What you have to do:
Return all the entries exactly. No pictures.

(Data records)
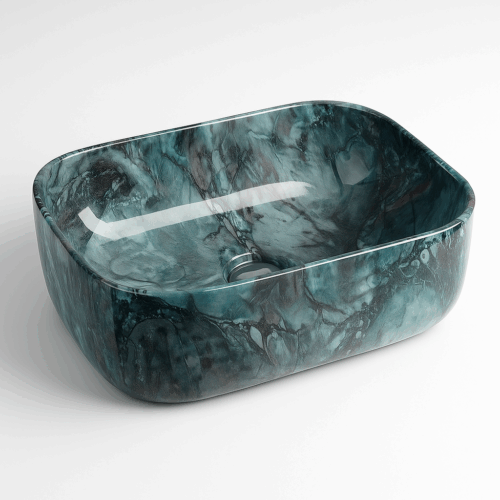 MS-404 XYLOAN TABLE TOP BASIN GLOSSY (18"X13")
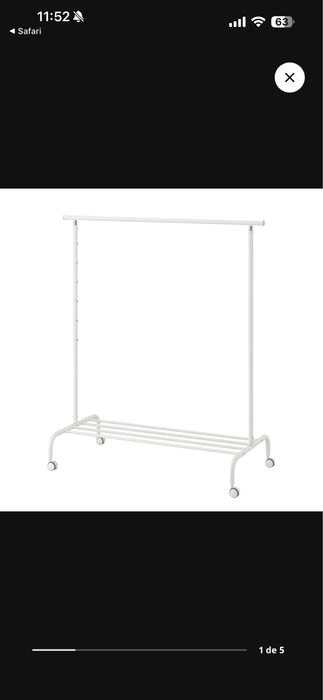 Charriot/Cabideiro Ikea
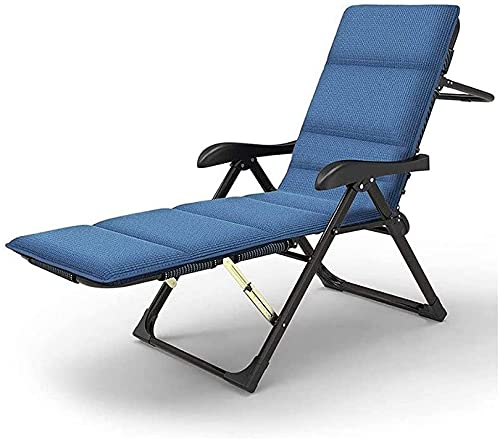 Zero-Gravity-Stuhl, übergroßer Zero-Gravity-Liegestuhl mit Netzrücken, XL-gepolsterter Sitz, verstellbarer Terrassen-Loungesessel, gepolsterter, verstellbarer, klappbarer Rasenstuhl für Garten u von KILLCRIT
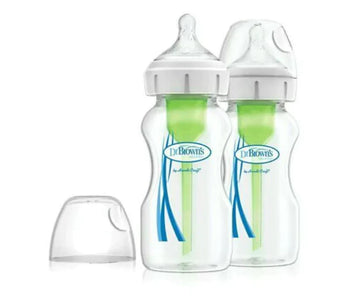 Dr. Browns - Set X2 Biberones B/A OPT.  DE 9 Oz Transparente
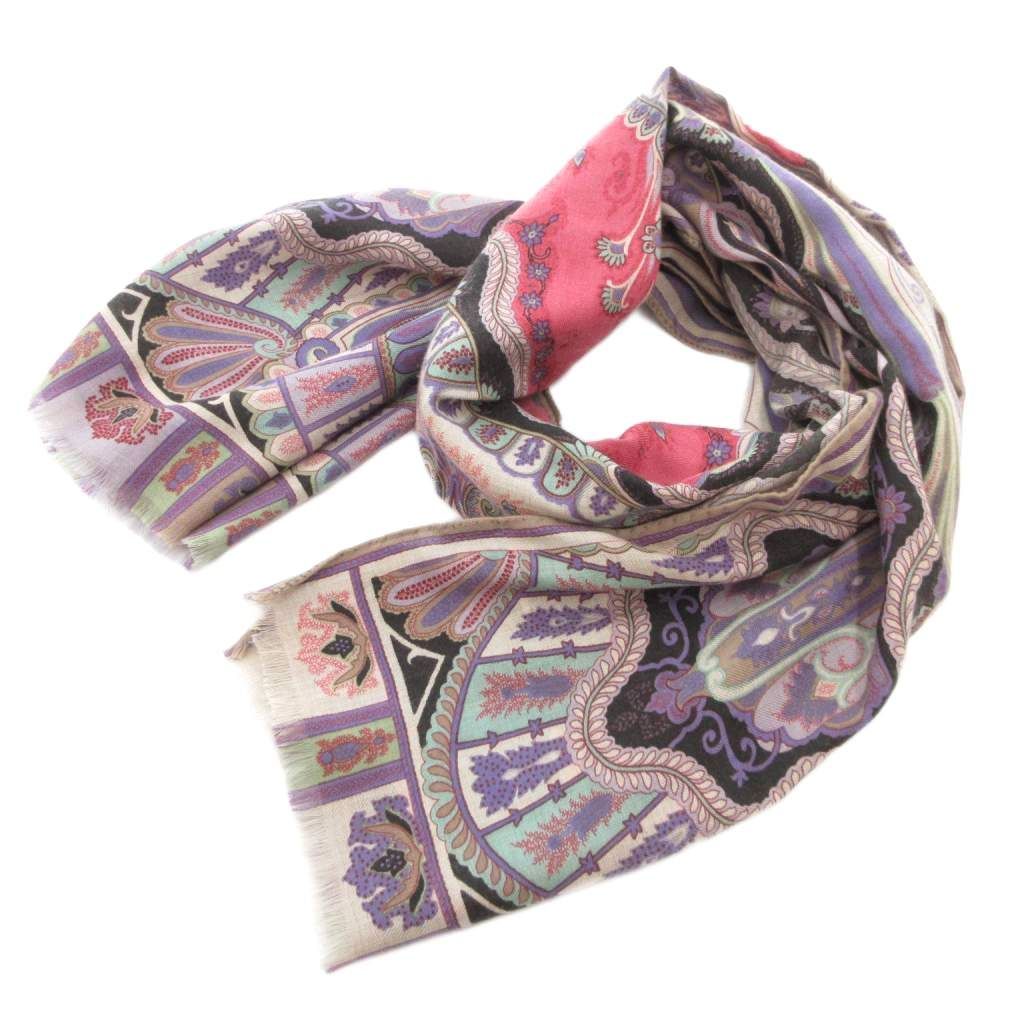 ETRO ペイズリー柄 ストール 紫 最終値下げ！ETRO ペイズリー柄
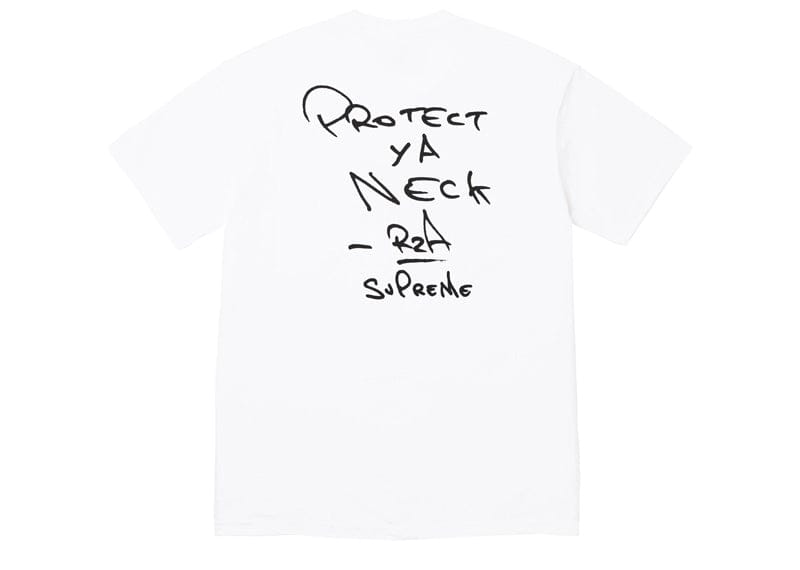 Supreme Wu-Tang Clan RZA Tee White – Court Order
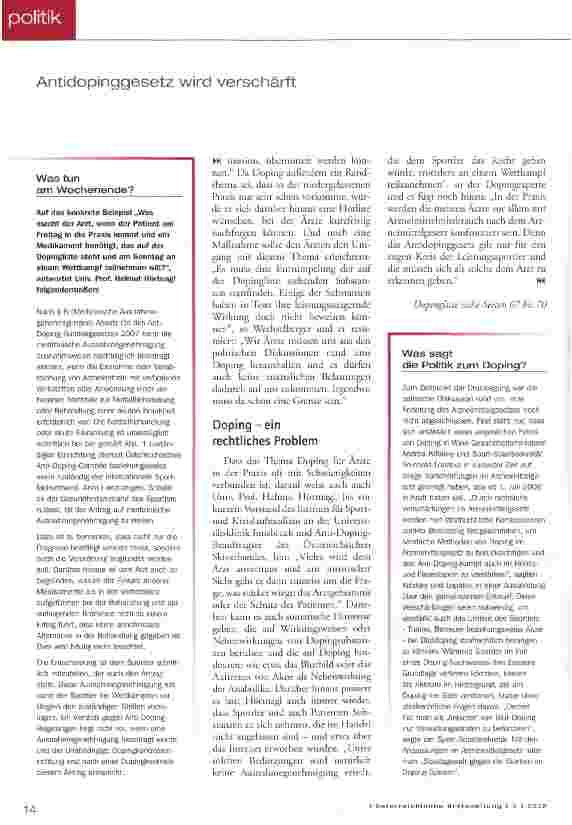 Vorschauseite 3: Kampf dem Doping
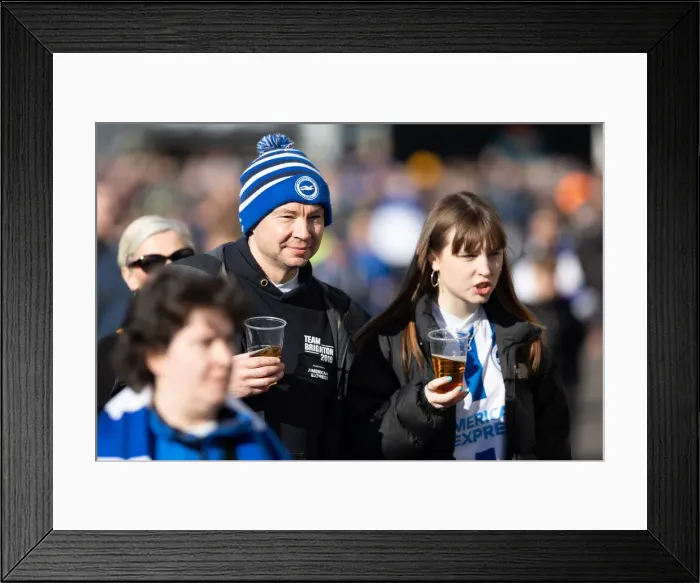 Framed Print : Intense Premier League Showdown: Brighton & Hove Albion vs. Aston Villa (26FEB22) Framed Print : Intense Premier League Showdown: Brighton & Hove Albion vs. Aston Villa (26FEB22)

Reply:
 MS-404 XYLOAN TABLE TOP BASIN GLOSSY (18"X13")
 Charriot/Cabideiro Ikea
 Zero-Gravity-Stuhl, übergroßer Zero-Gravity-Liegestuhl mit Netzrücken, XL-gepolsterter Sitz, verstellbarer Terrassen-Loungesessel, gepolsterter, verstellbarer, klappbarer Rasenstuhl für Garten u von KILLCRIT
 Dr. Browns - Set X2 Biberones B/A OPT.  DE 9 Oz Transparente
 ETRO ペイズリー柄 ストール 紫 最終値下げ！ETRO ペイズリー柄
 Supreme Wu-Tang Clan RZA Tee White – Court Order
 Vorschauseite 3: Kampf dem Doping
 Framed Print : Intense Premier League Showdown: Brighton & Hove Albion vs. Aston Villa (26FEB22) Framed Print : Intense Premier League Showdown: Brighton & Hove Albion vs. Aston Villa (26FEB22)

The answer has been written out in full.